**Your assignment:** Take the lines in the listing below from the line with "Картина из пайеток" up to and including the line with "Lion - 1:24" and set them down exactly, skipping pictures and adding nothing.

**Material provided:**
------------------------------------

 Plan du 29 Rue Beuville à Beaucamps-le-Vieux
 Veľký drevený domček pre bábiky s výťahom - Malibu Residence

------------------------------------

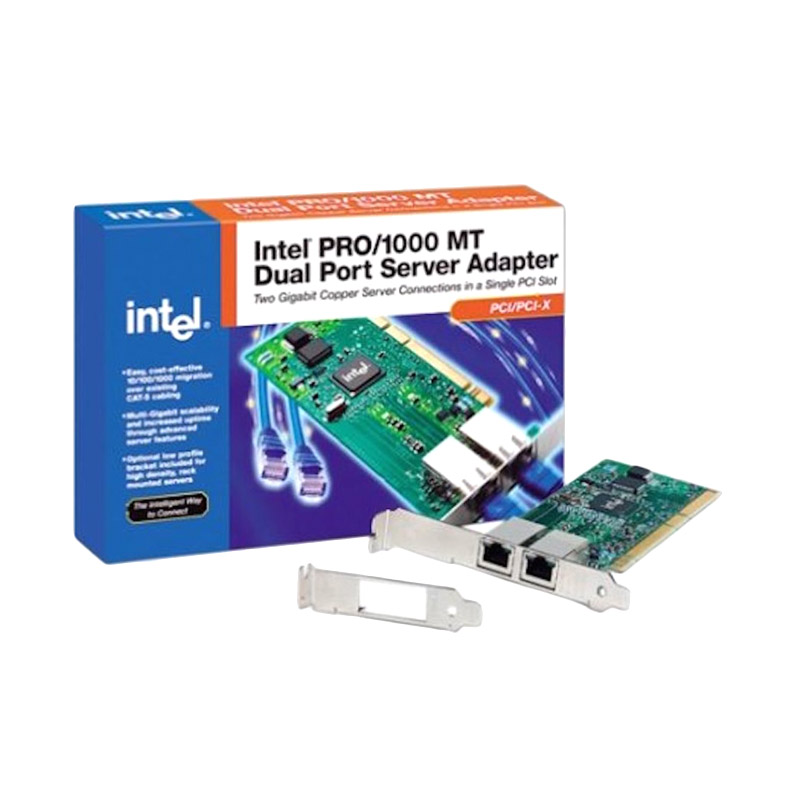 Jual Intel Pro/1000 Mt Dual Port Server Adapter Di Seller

------------------------------------

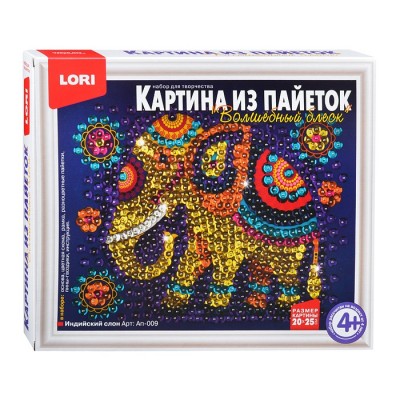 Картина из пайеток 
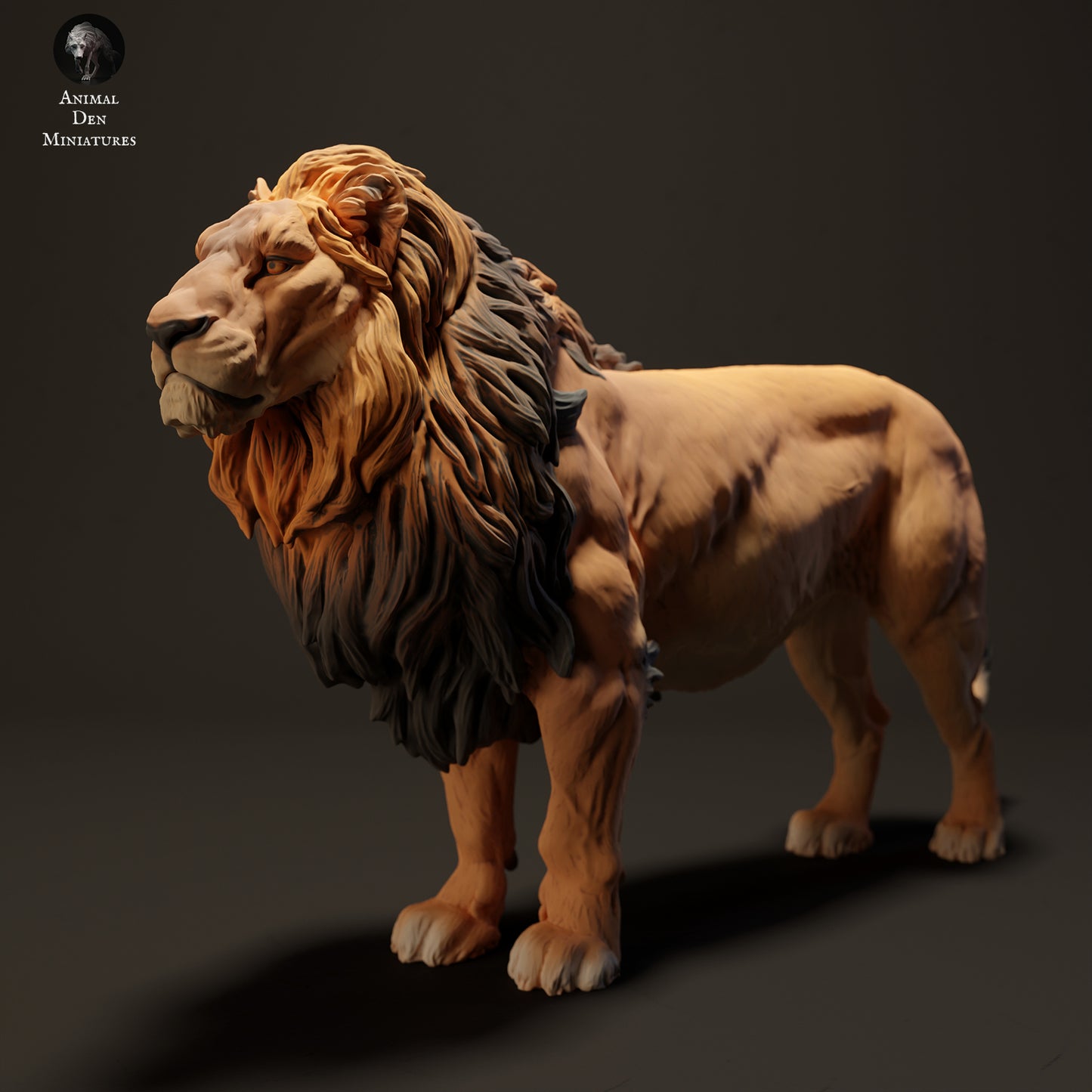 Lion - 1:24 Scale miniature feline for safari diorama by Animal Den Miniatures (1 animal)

------------------------------------

**Written reply:**
 Картина из пайеток 
 Lion - 1:24 Scale miniature feline for safari diorama by Animal Den Miniatures (1 animal)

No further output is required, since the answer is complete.